This year’s nobel prize was awarded to absolutely fundamental scientific research. M.M. Lerch thinks this is a good thing, as this type of research has educational benefits and long-term effect that are often under-appreciated.

This year’s Nobel Prize in Chemistry was awarded for fundamental research – and this is a good thing! The award bestowed to Jean-Pierre Sauvage, Sir J. Fraser Stoddart and Bernard L. Feringa was given "for the design and synthesis of molecular machines". Fundamental scientific research, as opposed to applied scientific research, focuses on proving novel concepts and working out new ideas. While the word “machine” might suggest applied engineering, it is important to notice that immediate applications for this field are not nearly in sight (generally the Nobel committee tends to award work with tangible implications). Many scientists were thus caught by surprise after the award, even in my circle of friends and colleagues working under Prof. Feringa. I believe though that this year’s Nobel Prize sends out an important signal: there is space, recognition even, for absolutely fundamental scientific research, for scientific creativity and pure curiosity of the human mind.

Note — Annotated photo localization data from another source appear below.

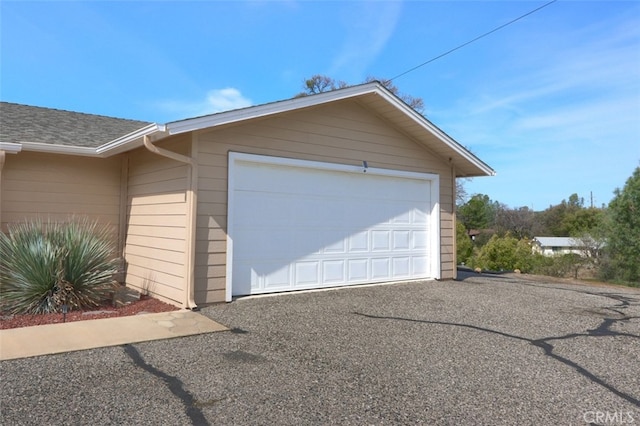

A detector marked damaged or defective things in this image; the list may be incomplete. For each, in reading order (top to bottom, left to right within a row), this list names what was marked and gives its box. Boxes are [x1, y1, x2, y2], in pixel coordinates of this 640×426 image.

crack in pavement [125, 344, 212, 424]
crack in pavement [356, 308, 640, 408] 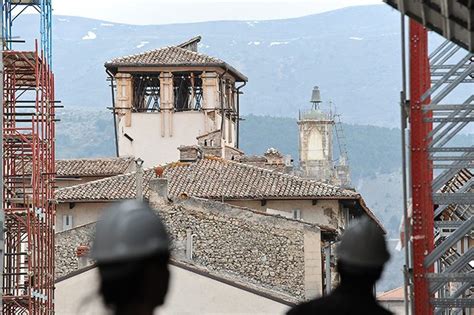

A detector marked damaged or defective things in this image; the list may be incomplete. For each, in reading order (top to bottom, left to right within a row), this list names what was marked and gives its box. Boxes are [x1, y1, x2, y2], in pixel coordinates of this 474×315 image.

damaged bell tower [104, 36, 248, 168] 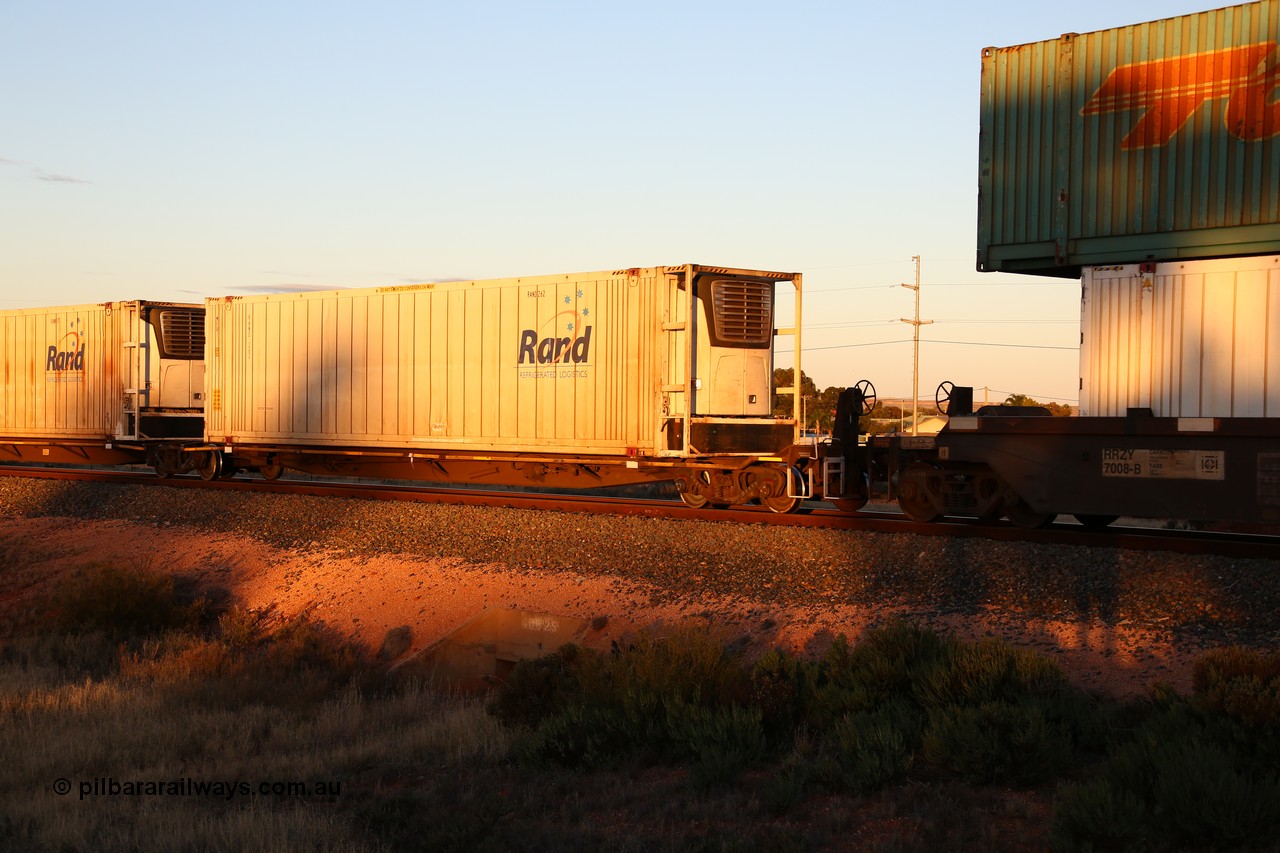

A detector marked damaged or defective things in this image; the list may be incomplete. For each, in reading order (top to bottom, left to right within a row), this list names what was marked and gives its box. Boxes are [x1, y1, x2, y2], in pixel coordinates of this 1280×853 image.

rusty green container panel [977, 0, 1280, 275] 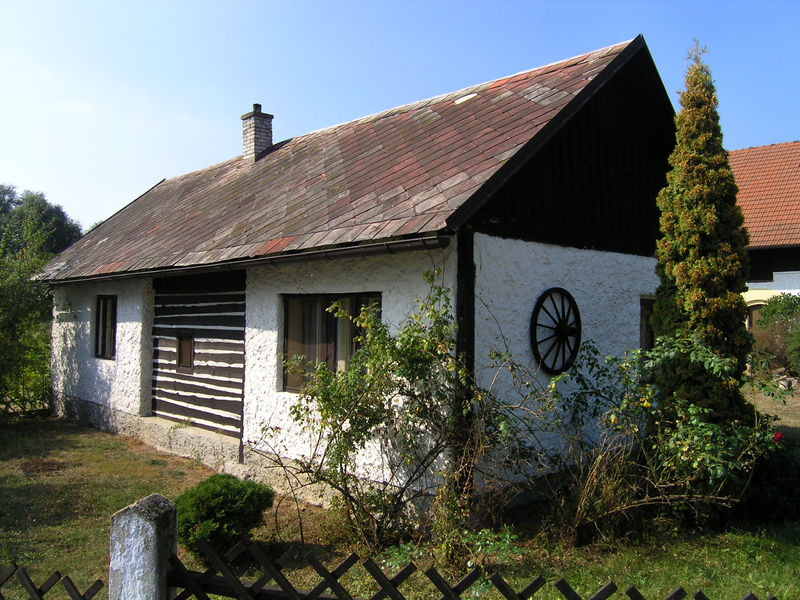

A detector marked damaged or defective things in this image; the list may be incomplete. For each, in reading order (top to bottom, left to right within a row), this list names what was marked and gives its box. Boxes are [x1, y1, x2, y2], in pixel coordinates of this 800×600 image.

rusty metal roof section [42, 37, 644, 282]
rusty metal roof section [736, 142, 800, 248] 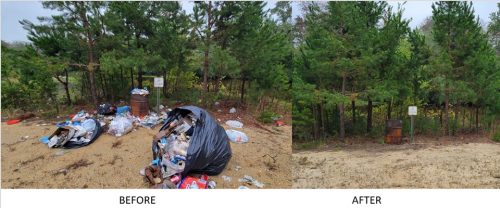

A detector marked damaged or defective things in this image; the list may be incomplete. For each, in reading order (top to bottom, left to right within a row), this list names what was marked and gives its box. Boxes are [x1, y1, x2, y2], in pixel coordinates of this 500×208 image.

rusty metal barrel [130, 94, 149, 117]
rusty metal barrel [384, 119, 404, 144] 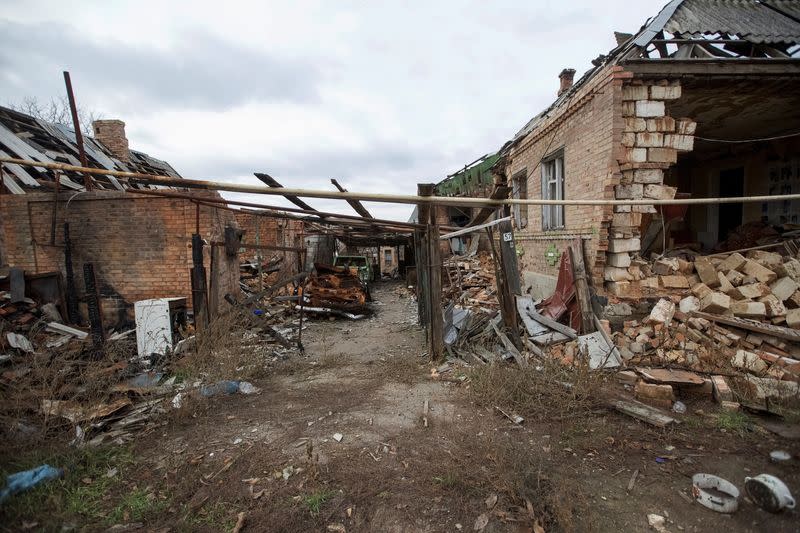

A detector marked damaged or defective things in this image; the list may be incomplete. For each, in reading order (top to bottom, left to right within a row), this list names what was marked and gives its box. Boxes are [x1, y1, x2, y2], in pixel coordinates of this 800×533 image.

rusted metal [61, 71, 90, 189]
damaged wall [0, 190, 239, 324]
broken window [512, 169, 532, 230]
broken window [540, 152, 564, 231]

Together with many other groups around the world, this year’s awardees have worked on the basic approach to “do work” on a molecular level, meaning: How can one transform simple concepts of our macroscopic world to a realm of single molecules? Is this even possible?

What one needs to realize is that when going so small, simple concepts such as friction, pressure and electricity that keep a lot of our machines running do not hold true in the same way they do in our daily experienced world, since we are entering the world of quantum effects and Brownian motions. So how can we make molecules that do what we want e.g. work as a molecular motor, or as an artificial muscle? How can we control them and how can one study the exerted work? Even more importantly, is it possible to translate motion and work on a single molecule level to move objects of the macroscopic world? The groups of Sauvage, Stoddart and Feringa, among others, have laid the foundation to address many of these questions.

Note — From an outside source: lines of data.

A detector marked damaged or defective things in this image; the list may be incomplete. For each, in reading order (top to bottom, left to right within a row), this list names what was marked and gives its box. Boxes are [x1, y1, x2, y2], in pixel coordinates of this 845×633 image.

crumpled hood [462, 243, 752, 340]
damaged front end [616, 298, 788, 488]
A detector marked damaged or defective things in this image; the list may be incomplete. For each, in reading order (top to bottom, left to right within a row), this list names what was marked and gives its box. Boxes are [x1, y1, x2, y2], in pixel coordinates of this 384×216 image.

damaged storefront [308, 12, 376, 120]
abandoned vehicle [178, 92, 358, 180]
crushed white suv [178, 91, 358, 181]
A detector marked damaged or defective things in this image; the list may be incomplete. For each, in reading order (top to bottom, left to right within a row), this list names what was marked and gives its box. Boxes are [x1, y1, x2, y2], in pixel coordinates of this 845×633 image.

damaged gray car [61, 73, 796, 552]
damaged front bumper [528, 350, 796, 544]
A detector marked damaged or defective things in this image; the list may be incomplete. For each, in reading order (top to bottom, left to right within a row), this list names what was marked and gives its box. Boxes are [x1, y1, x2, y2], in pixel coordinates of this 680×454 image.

So why is fundamental research so important besides applied research? In the following paragraphs, I would like to discuss two aspects of fundamental research that in my opinion make the endeavour worthwhile: i) positive long-term effects often unrelated to the original research question and ii) an important educational role.

The added value of fundamental science projects cannot be immediately put in numbers, since revenues on research investments are uncertain. Oftentimes, there is nothing to be shown in terms of applicable product at the end of years of work. However, proof-of-concepts can sometimes be picked up decades later and be used in a completely unrelated context. This change of context can lead to rather unexpected yet highly valuable applications. Important examples are nuclear magnetic resonance (with its application in MRI) and gene editing. For both techniques, the understanding of the underlying principles were investigated long before the actual application.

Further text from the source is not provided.